Lysine, an essential amino acid, plays a critical role in cellular regulation, energy metabolism, and protein synthesis. This review examines its distinct molecular properties, metabolic pathways, and regulatory mechanisms across different species. Lysine's involvement in post-translational modifications, stress responses, and its role as a precursor for key biomolecules highlights its biological importance. A comprehensive understanding of lysine metabolism (LM) provides valuable insights into evolutionary adaptations and potential therapeutic strategies for metabolic disorders.
Introduction to lysine
Lysine, one of the nine essential amino acids, exhibits unique molecular properties and plays pivotal metabolic roles in living organisms.

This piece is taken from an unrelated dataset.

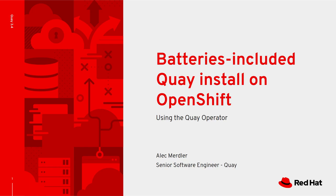In this demo, we will showcase how to deploy a Quay container registry on OpenShift using the Quay operator.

Its chemical structure, C6H14N2O2, features an ε-amino group (-NH2), which confers strong alkalinity (pKa=10.5) and significant side chain reactivity. At physiological pH, the ε-amino group of lysine carries a positive charge, facilitating ionic bond formation and enabling various post-translational modifications, including acetylation, methylation, and ubiquitination. Since animals lack key enzymes for lysine synthesis, such as dihydropyridinedicarboxylate synthase, they must obtain lysine through dietary sources, primarily meat, legumes, and dairy products. The recommended daily intake for adults is 30-35 mg per kilogram of body weight..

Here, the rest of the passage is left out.